Mom was always an artist in the kitchen and in the garden when I was growing up.
She would cook the most elaborate, several course dinners that seemed actually "normal" to us (read: we didn't truly appreciate it at the time).
She would grow fresh vegetables in the garden, as was always the way it was done back in Sweden. You grew and then harvested and stored your food.
Art and Fashion
When she was young, she became a very fine seamstress, creating with her hands. She studied at a design school in the big city (in Sweden) and I still have a whole stash of the sketches she made while there.
She had made these silk dresses that were works of art - I remember touching them and trying them on when I was little. Every single stitch done by hand - her hand. In perfect unity all those tiny stitches created that glamorous grey-ish green silk party dress. Here she is in 1966 in one of those handcrafted silk dresses (on the far left).
Mama taught me how to, among many other things, sew.
And it wasn't only stitching seams, but it was how to go about building something real out of a flat piece of fabric. Kind of intimidating. Like a 3-D construction puzzle without the advantage of framework.

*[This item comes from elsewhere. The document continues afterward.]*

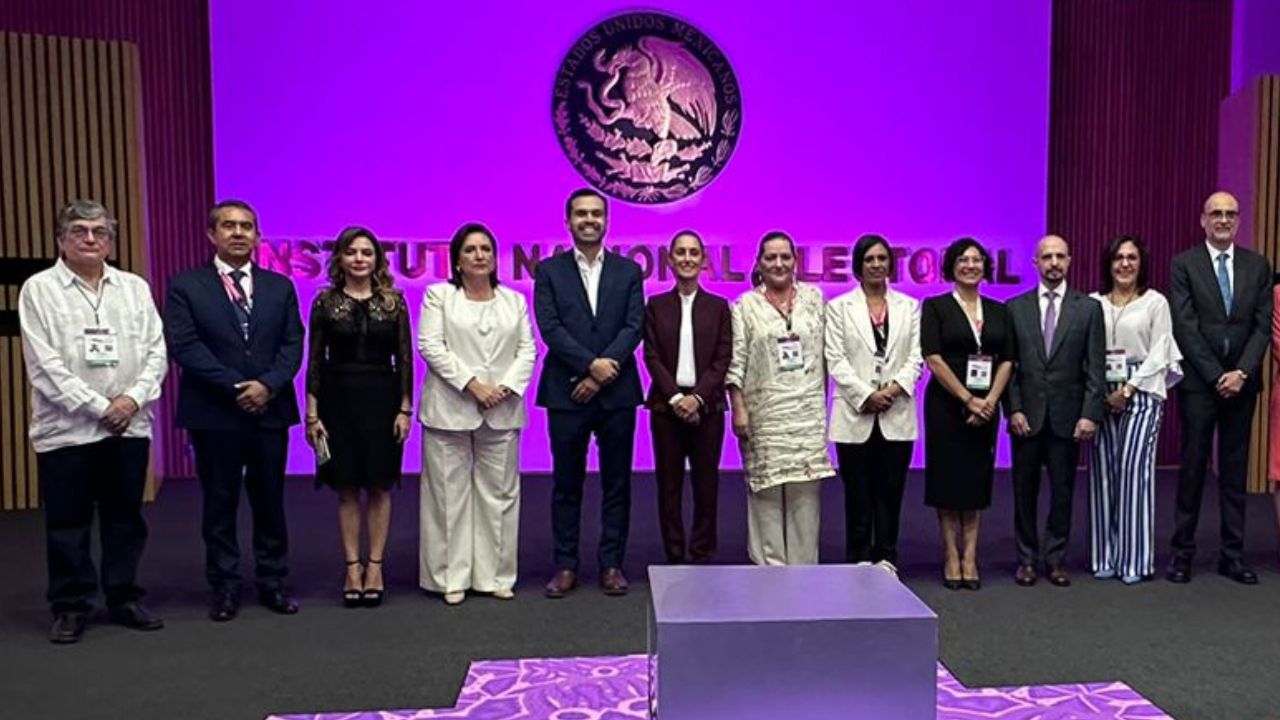 AMLO critica enfoque negativo y manipulación en Debate Presidencial AMLO critica enfoque negativo y manipulación en Debate Presidencial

Admittedly, I rarely applied those skills to clothing, but found myself constantly borrowing Mom's gorgeous old Singer sewing machine to create this and that for the house, or the garden.
I finally bought my own modern machine, and can't imagine not being able to create what I imagine with my own hands. But, her old Singer sewing machine is still nicer than mine!
Looms on the Porch
I grew up spending some years and then every summer in Sweden throughout my childhood. And now when I look back, I realize that Mom grew up with her own Mother (my Mormor) sitting at a massive wooden loom, weaving.
Mormor made rugs, and fabric on this huge old wooden loom. Here she is in the mid-60's or so at the family home Uddeby outside of Kristinehamn, Sweden.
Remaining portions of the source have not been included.